▶ Requirement
In the data below, find the line with "M148-3 M1483(5コ1クミ) 5入" and the line with "2467)6-12m/1-2/2-3/3-4 yrs", then restate both and every line between them exactly, minus the pictures.

(Beginning of Exercise material)

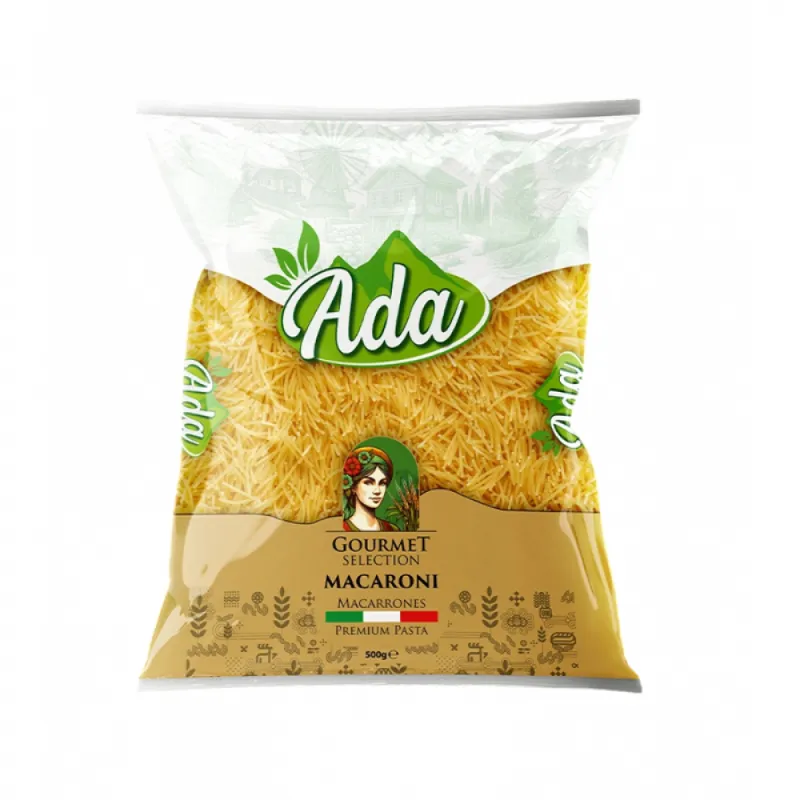 Fideos Ada 500g 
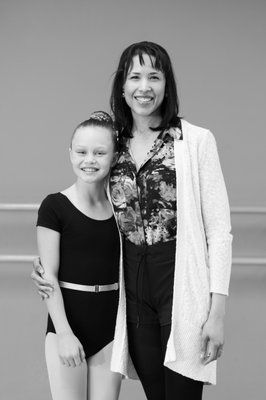 Ashkenazy Classical Ballet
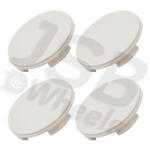 Set capace jante aliaj N06 (N06)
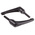 RS PRO Clamping Lever, M10 x 40mm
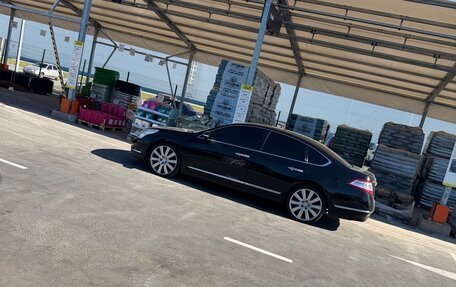 Nissan Teana, 2011 год, 1 380 000 рублей, 10 фотография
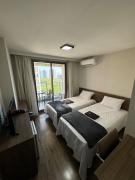 Suíte Completa no Via Premiere!!!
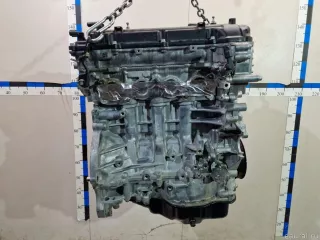 1E2712EH00 Hyundai-Kia Двигатель Kia Seltos Арт E23696757, вид 5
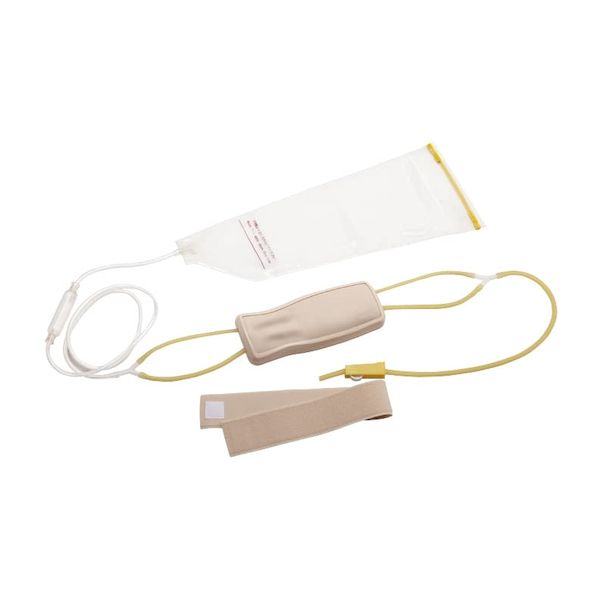 【個数：1個】M148-3(5コ1クミ) 直送 代引不可・他メーカー同梱不可 坂本モデル 静脈注射パット けっかんくんII M148-3 M1483(5コ1クミ) 5入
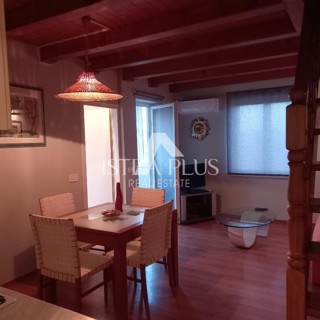 Istria, Vrsar - Appartamento con vista mare 50m2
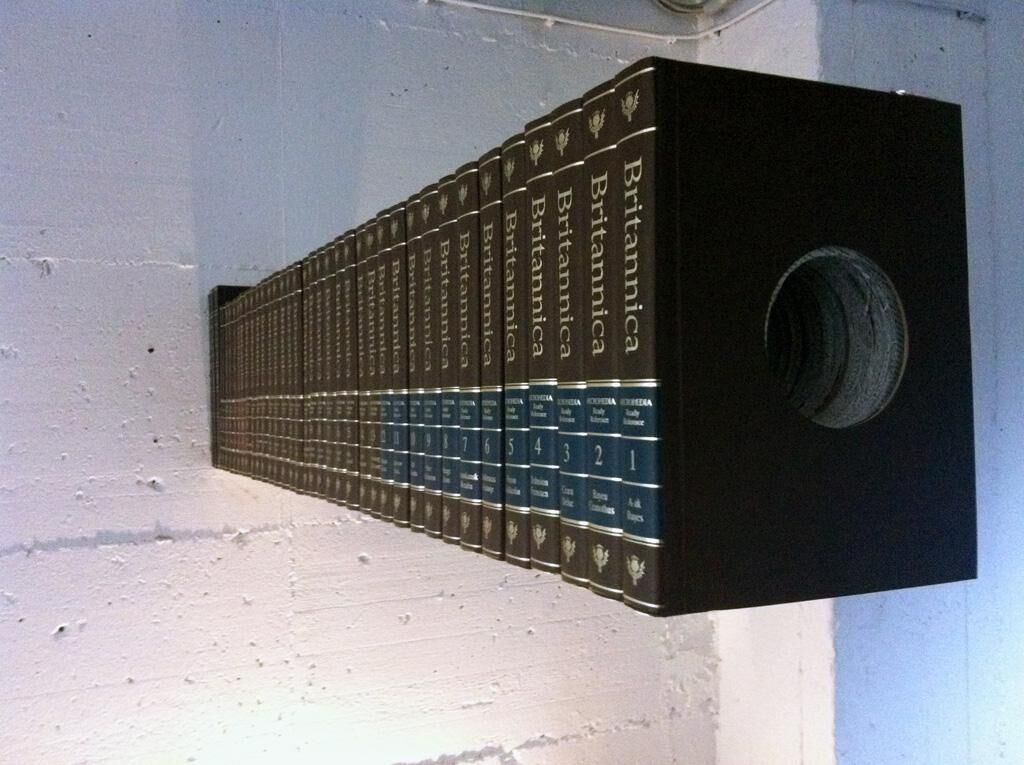 Titelbild des Projekts Denkmal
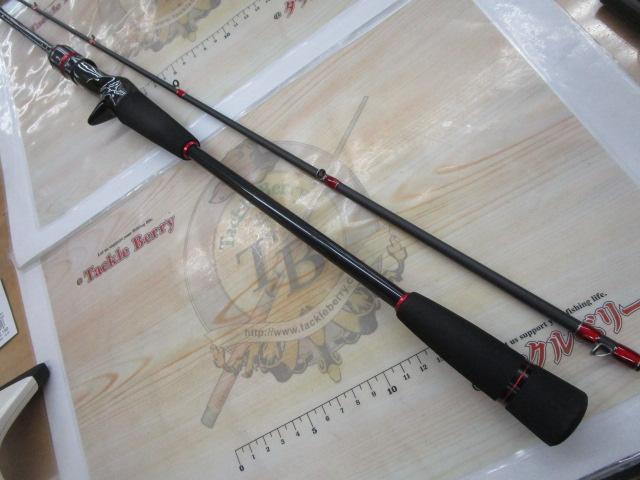 墨族ダイケンSP B68MH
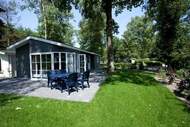 Ferienhaus - Resort Hooge Veluwe 8 - Chalet in Arnhem (4 Personen)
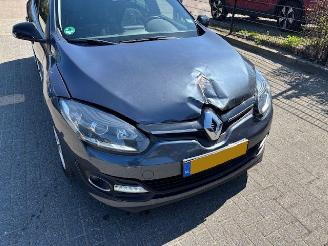 Renault Mégane 1.2 TCe Limited Pano picture 6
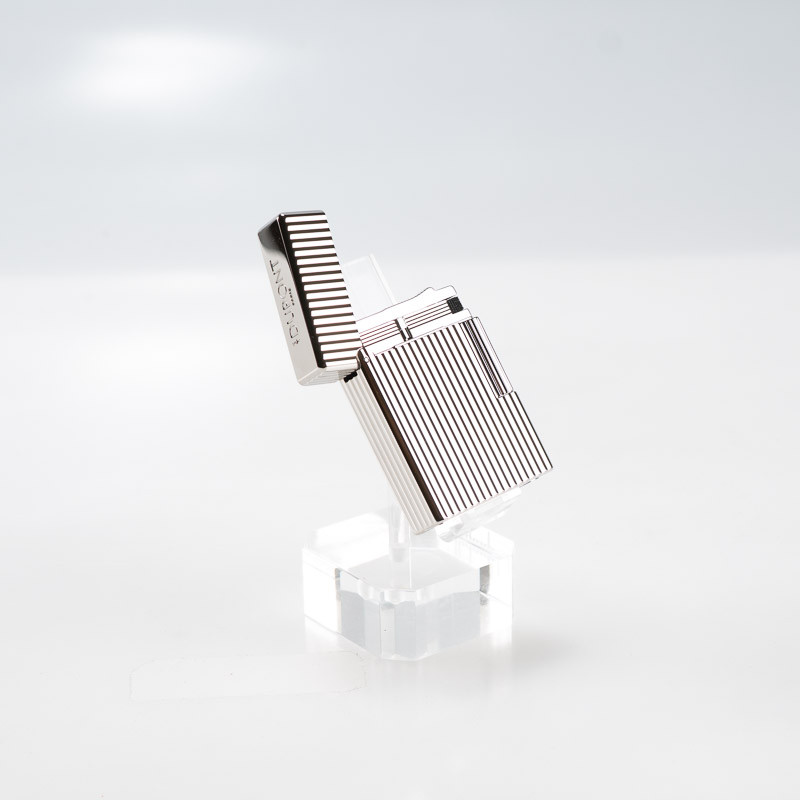 S.T.Dupont Fermasoldi In Palladio – Colore Argento – Portabanconote Elegante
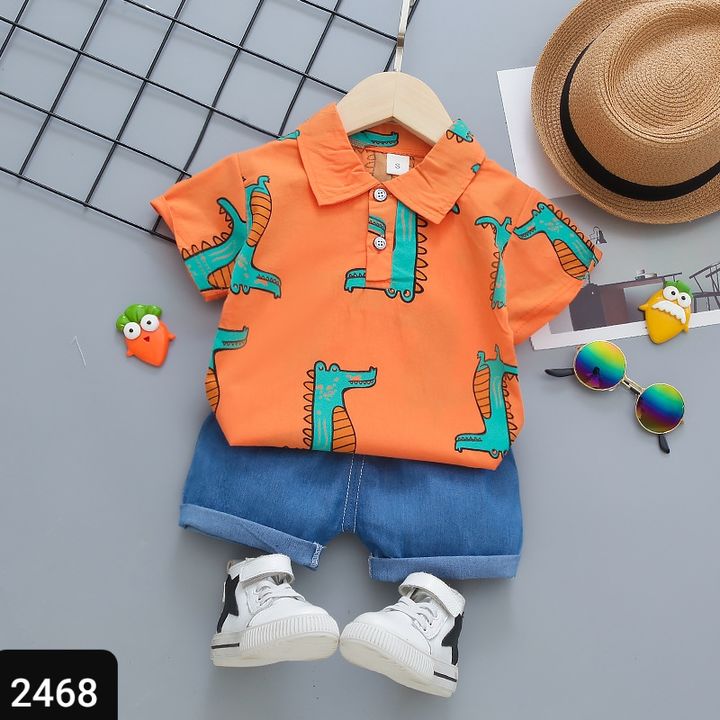 Post image *B64*
Number is mentioned on the pictures
*650/- free shipping each*
2466)1-2/3-4 yrs
2467)6-12m/1-2/2-3/3-4 yrs
2468)6-12m/1-2/2-3/3-4 yrs
Book now8707825310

(End of Exercise material)

▶ Solution to this problem
 【個数：1個】M148-3(5コ1クミ) 直送 代引不可・他メーカー同梱不可 坂本モデル 静脈注射パット けっかんくんII M148-3 M1483(5コ1クミ) 5入
 Istria, Vrsar - Appartamento con vista mare 50m2
 Titelbild des Projekts Denkmal
 墨族ダイケンSP B68MH
 Ferienhaus - Resort Hooge Veluwe 8 - Chalet in Arnhem (4 Personen)
 Renault Mégane 1.2 TCe Limited Pano picture 6
 S.T.Dupont Fermasoldi In Palladio – Colore Argento – Portabanconote Elegante
 Post image *B64*
Number is mentioned on the pictures
*650/- free shipping each*
2466)1-2/3-4 yrs
2467)6-12m/1-2/2-3/3-4 yrs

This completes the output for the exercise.